ET1's DAG Streaming System

Familiar with graphs? How about DAGs? This is not a paradigm shift, but think of DAG as a cool way for tiny team in Austin/Dallas Texas to build an Extract Transform and Load software! Think of “DAG” like rules, which enable data processing unlike software like Alteryx, Knime, and other ETL software.

ET1 uses the power of JavaScript, DAG is a set of rules to follow, which work good on ETL applications due to them being rather idempotent.

JavaScript Example of processNodeData: the way we process data with a node.
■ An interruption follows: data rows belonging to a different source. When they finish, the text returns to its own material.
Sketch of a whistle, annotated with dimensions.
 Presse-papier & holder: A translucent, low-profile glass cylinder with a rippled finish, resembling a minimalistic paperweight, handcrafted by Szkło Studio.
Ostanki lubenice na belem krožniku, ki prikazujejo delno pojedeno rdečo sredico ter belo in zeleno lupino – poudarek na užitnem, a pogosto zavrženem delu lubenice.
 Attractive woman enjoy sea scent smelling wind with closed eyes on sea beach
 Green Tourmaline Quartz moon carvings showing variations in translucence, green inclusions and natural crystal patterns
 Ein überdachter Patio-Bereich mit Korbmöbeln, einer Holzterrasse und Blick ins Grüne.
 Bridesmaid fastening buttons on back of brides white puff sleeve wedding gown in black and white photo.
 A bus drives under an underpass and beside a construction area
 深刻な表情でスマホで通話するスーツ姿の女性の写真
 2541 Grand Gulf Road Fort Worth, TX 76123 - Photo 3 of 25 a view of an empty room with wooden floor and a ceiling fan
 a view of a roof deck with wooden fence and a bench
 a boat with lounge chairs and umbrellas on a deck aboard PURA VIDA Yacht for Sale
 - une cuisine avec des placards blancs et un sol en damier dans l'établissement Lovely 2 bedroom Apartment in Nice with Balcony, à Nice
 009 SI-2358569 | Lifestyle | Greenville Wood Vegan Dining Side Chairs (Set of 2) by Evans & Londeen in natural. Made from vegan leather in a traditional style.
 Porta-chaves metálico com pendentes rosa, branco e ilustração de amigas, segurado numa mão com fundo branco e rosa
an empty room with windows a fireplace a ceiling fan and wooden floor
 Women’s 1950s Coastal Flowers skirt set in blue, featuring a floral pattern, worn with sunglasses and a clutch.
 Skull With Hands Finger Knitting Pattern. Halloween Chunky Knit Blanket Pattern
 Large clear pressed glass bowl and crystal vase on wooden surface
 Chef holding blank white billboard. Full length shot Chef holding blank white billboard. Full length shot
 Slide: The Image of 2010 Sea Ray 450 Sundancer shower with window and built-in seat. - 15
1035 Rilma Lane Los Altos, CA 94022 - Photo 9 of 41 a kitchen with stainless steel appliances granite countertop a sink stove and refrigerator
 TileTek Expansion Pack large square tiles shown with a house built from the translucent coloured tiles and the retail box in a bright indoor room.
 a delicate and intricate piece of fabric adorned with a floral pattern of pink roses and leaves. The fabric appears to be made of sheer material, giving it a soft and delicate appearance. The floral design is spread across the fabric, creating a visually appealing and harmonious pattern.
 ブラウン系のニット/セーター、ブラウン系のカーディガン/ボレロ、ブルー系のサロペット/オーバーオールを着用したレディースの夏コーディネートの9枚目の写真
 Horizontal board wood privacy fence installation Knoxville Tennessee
else if (node.type === 'columnfilter') {
if (node.column && (node.pattern || node.pattern === '')) {
const pattern = (node.pattern || '').toString();
let re;
try {if (node.useRegex) {
re = new RegExp(pattern, node.caseSensitive ? '' : 'i');} else {
const hasWild = /[\*\?]/.test(pattern);
if (hasWild) {
const escWild = pattern.replace(/[-\/\\^$+?.()|[\]{}]/g, '\\$&').replace(/\*/g, '.*').replace(/\?/g, '.');
re = new RegExp('^' + escWild + '$', node.caseSensitive ? '' : 'i');} else {
const escLit = pattern.replace(/[-\/\\^$+?.()|[\]{}]/g, '\\$&');
re = new RegExp('^' + escLit + '$', node.caseSensitive ? '' : 'i');
}}} catch (e) {
re = null;}
const keepMode = (node.mode === 'keep');
const matches = (val) => {
const str = val == null ? '' : String(val);
return re ? re.test(str) : true;};
processedData = (inputData || []).filter(record => {
const ok = matches(record[node.column]);
return keepMode ? ok : !ok;});
node.impact = { columns: node.column ? [node.column] : [] };} else {
processedData = inputData;
node.impact = { columns: [] };}}

If you’re familiar with JS, node, and JSON, you know this is an important step forward in the world of ETL! We are not using Python, we are not using Java, and this is purely a JavaScript solution built to be powerful client side, with server side saving capabilities. Learn more about the data layer in the Neon Output Node Training.

ET1 is like a guitar pedal, always on, always flowing downstream

Like a guitar pedal, there’s an input and output. Sometimes it’s just an output. Then you have your input only tools. Very much like our ETL software ET1. How the guitar pedal is “always on” and just flows, that’s the goal. You can see the first iteration of the dag engine on github line 188. -Founder, Tyler Garrett

The DAG engine gives this me the ability to create an ETL software with rules that are meaningful, and enables futuristic value additions.

What is a graph?

From a data perspective, a graph is a non-linear data structure used to model and store information where the relationships between individual data points are as important as the data itself. Natively a graph engine would treat data as a first class citizen, enabling real-time data processing and the ability to only compute what needs to be computed.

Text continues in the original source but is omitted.